Wales vs Fiji Preview: 10 things you need to know

What you need to know ahead of today's match in Cardiff as Wales look to return to winning ways against the Pacific Islanders

Kick-off and TV/Radio coverage

Saturday 15 November 2014, Millennium Stadium, Cardiff. Kick-off 14:30 GMT. Live TV coverage on BBC One across the UK, with Welsh language coverage on S4C.

Radio coverage on BBC Radio Wales with Welsh language coverage on BBC Radio Cymru.

Who’s the man with the whistle?

Frenchman Pascal Gauzere, 37, is the main man as he approaches four years since he took charge of his first senior international between Georgia and Canada. South Africa’s Jaco Peyper and Ireland’s Dudley Phillips are his wing men.

Italy’s Carlo Damasco, who often comes under fire for his decisions, is the TMO in the truck. Wales fans won’t mind if he gifts them another non-try as he did with Shane Williams against Scotland in the 2008 Six Nations.

What’s the team news?

Wales: Warren Gatland has made eight changes to his starting XV, with two enforced with the loss of Dan Biggar and Leigh Halfpenny to injury.
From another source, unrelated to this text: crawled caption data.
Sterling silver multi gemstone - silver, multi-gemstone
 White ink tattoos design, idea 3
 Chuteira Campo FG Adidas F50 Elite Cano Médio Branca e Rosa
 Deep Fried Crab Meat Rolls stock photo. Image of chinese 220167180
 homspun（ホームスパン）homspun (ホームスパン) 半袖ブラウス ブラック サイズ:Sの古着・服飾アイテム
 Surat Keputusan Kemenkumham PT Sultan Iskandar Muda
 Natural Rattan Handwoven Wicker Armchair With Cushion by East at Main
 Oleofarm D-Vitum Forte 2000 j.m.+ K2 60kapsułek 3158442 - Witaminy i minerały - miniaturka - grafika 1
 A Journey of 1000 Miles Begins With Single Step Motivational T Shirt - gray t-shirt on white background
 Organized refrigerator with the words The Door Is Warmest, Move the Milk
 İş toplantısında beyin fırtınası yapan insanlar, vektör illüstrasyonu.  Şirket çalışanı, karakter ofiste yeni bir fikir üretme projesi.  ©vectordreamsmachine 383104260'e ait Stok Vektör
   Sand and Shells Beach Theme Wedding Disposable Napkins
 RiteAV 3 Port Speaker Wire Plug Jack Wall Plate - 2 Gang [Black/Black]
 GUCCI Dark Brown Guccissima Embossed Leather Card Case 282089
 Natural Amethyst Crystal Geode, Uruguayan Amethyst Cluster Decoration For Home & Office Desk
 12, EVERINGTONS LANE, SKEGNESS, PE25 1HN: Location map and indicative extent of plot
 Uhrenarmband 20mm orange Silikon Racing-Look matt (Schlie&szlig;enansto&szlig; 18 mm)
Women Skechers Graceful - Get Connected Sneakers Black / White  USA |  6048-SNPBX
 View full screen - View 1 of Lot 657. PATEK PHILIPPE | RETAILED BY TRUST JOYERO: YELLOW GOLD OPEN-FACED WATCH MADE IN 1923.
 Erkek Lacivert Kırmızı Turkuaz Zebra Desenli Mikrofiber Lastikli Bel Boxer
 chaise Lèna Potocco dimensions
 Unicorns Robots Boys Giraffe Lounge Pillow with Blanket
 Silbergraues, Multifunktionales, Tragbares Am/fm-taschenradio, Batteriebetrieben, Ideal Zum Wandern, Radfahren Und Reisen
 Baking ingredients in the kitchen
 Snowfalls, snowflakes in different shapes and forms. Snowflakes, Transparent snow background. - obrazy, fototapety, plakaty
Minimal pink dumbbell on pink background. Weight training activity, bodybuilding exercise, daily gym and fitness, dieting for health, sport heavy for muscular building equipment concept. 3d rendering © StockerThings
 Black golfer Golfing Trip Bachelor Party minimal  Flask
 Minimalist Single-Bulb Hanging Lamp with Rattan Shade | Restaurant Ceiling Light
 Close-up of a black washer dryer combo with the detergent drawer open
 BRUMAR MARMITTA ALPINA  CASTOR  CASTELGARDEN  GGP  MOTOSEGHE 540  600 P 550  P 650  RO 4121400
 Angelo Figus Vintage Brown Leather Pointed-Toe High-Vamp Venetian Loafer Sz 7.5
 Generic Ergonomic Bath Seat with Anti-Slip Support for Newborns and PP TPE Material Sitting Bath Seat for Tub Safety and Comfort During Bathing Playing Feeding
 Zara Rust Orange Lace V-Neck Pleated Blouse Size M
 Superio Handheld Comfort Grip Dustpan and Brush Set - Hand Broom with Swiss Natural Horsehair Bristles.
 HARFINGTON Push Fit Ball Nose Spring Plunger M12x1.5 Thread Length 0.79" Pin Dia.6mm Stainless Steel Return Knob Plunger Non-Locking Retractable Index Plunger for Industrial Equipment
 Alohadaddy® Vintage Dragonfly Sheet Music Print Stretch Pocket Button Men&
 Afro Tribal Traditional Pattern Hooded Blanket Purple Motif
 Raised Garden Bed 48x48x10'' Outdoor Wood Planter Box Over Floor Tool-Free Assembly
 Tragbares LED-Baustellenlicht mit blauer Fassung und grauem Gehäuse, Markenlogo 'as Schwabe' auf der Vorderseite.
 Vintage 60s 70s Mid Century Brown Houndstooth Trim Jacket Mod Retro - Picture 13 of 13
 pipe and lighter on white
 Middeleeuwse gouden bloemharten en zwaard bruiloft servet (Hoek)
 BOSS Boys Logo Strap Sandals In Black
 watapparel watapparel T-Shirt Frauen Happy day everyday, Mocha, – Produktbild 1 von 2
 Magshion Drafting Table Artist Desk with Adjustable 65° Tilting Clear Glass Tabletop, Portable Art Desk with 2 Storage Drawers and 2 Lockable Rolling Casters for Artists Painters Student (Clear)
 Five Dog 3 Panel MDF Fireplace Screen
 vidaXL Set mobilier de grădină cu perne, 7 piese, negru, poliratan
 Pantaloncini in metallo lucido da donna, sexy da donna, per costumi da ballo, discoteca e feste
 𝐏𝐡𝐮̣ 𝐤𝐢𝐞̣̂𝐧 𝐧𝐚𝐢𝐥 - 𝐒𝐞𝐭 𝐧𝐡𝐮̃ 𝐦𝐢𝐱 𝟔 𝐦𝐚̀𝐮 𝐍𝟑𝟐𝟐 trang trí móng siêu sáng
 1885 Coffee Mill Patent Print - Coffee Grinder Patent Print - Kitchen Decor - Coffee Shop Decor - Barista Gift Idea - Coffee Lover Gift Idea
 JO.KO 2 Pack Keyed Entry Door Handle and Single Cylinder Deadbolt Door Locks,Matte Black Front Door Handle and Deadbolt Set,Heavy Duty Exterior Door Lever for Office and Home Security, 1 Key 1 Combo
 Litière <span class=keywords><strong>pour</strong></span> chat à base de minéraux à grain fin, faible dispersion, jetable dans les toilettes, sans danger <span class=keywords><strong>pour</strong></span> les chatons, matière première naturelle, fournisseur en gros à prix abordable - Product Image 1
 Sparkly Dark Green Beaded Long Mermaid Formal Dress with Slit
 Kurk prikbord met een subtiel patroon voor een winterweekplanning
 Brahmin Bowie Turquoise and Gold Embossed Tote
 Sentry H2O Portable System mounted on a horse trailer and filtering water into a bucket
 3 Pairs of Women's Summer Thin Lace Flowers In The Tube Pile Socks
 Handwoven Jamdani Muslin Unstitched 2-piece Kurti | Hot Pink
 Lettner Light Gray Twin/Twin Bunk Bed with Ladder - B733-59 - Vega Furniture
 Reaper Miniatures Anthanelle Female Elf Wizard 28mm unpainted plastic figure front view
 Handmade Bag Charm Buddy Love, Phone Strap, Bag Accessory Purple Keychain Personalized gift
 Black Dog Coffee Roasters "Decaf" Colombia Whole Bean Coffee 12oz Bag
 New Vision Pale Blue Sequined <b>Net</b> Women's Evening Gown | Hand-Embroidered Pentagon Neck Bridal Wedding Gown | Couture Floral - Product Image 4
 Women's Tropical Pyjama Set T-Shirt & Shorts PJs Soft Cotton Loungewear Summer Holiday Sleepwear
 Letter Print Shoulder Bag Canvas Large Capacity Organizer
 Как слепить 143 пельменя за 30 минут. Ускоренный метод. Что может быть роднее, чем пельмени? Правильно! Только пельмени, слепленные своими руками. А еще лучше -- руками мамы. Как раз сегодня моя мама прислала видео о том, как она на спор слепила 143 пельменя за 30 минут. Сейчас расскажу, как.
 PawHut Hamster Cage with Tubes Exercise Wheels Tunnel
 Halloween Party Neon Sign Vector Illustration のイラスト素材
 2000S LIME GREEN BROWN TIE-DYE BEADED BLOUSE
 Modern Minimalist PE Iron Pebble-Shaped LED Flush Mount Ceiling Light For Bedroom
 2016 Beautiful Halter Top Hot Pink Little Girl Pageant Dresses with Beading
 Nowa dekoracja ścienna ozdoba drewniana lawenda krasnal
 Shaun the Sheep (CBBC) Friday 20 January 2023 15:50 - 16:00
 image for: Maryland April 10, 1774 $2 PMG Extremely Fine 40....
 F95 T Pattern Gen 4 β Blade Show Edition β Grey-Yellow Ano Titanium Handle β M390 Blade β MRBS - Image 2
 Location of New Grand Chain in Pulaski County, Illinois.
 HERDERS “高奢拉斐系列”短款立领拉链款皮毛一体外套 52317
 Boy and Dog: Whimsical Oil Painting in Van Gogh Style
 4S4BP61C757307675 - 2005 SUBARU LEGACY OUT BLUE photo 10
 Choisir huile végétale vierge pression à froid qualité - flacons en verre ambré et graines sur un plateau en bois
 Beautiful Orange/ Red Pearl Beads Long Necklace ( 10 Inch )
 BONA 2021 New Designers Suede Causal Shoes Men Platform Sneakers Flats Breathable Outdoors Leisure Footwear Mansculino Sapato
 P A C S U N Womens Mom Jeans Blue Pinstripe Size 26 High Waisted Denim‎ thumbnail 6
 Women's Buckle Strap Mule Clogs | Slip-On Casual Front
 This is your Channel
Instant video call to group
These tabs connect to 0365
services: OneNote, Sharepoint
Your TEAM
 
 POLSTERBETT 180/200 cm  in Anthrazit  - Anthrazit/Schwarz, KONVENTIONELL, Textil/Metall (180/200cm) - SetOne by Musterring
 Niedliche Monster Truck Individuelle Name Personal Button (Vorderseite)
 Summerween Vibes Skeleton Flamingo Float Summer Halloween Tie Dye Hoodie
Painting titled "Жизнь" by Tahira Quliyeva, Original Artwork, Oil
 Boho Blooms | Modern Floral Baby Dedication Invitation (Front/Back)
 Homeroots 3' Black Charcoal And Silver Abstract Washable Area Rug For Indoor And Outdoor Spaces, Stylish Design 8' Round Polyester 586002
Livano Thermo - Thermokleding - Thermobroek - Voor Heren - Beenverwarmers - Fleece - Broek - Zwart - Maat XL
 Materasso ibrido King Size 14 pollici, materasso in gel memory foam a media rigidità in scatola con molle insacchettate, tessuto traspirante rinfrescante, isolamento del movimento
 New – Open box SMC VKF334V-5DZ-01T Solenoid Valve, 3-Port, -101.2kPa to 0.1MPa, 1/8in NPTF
George North has switched back to his customary left wing position as Scott Williams returns to the midfield after missing the Australia game as he recovered from a shoulder injury. Alex Cuthbert keeps his place on the right wing, and Liam Williams moves to full-back.

With Biggar injured, Rhys Priestland takes the reins at 10 alongside Mike Phillips, who comes in at scrum-half.

Wales captain Sam Warburton has been rested, so Justin Tipuric wins a rare start at openside. Gethin Jenkins comes in at loosehead and captains the side, while hooker Richard Hibbard was rested because of an ankle problem, but played the final seven minutes for Gloucester on Friday night.

It is all change in the engine room as Luke Charteris returns and is partnered by Bradley Davies, who is in for Alun Wyn Jones, also rested.

Fiji: The Vodafone Flying Fijians welcome back Leicester Tigers’ Niki Goneva and Ospreys’ Josh Matavesi as they make five changes to the squad that lost in France last week.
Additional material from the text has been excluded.